*** Opening of Data to examine ***

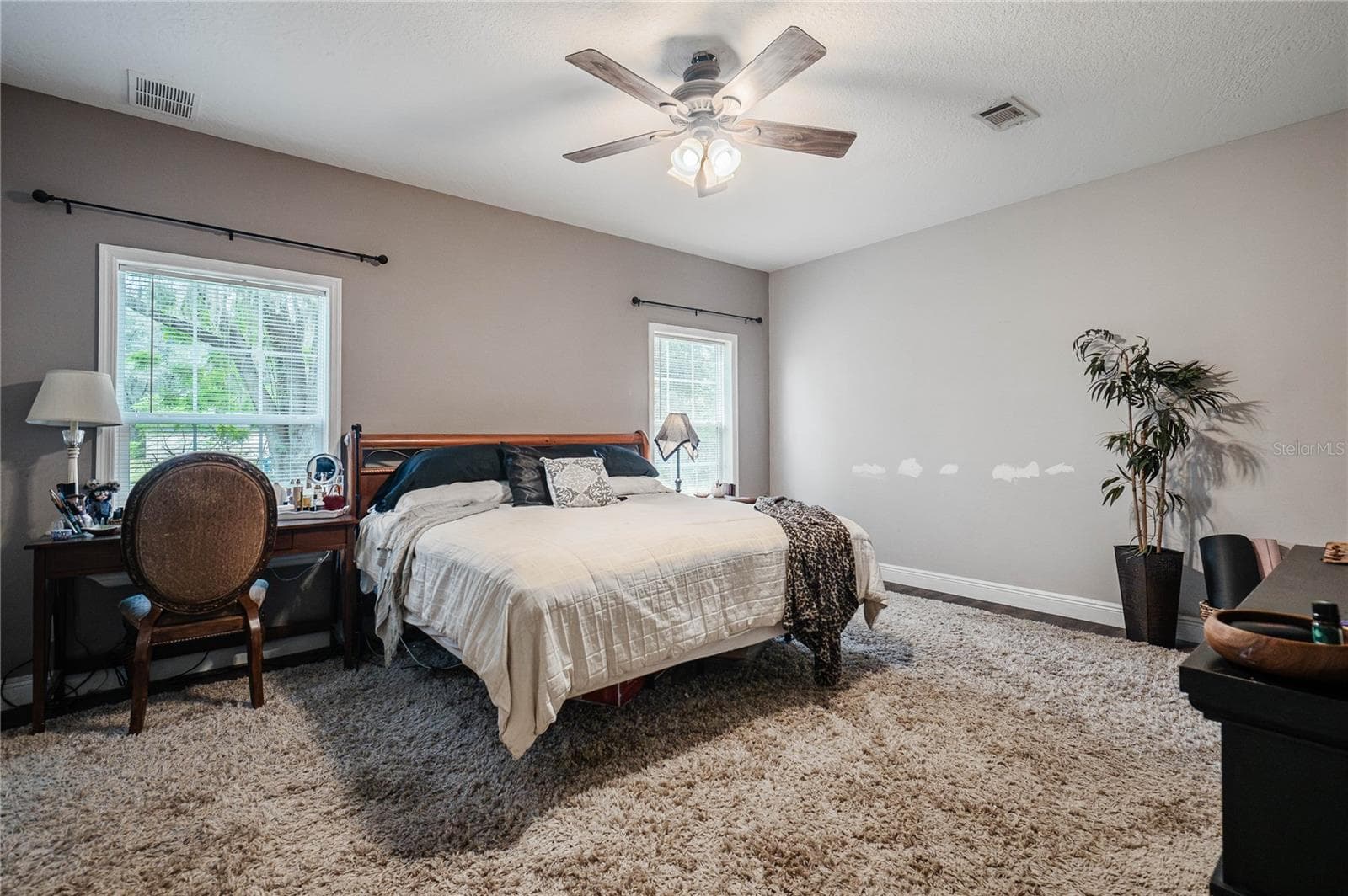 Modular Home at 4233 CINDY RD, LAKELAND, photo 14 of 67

*** Close of Data to examine ***
*** Opening of Data to examine ***

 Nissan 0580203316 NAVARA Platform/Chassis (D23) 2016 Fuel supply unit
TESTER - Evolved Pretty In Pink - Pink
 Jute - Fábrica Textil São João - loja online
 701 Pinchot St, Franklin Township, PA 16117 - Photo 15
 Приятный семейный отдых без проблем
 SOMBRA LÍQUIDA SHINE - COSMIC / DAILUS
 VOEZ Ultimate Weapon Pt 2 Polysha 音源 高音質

*** Close of Data to examine ***

## Exercise goal
Send back an exact copy of only the lines from the line with "Jute - Fábrica Textil São João - loja online" up to and including the line with "VOEZ Ultimate Weapon Pt 2 Polysha 音源 高音質" in the data above.

## Answer area
 Jute - Fábrica Textil São João - loja online
 701 Pinchot St, Franklin Township, PA 16117 - Photo 15
 Приятный семейный отдых без проблем
 SOMBRA LÍQUIDA SHINE - COSMIC / DAILUS
 VOEZ Ultimate Weapon Pt 2 Polysha 音源 高音質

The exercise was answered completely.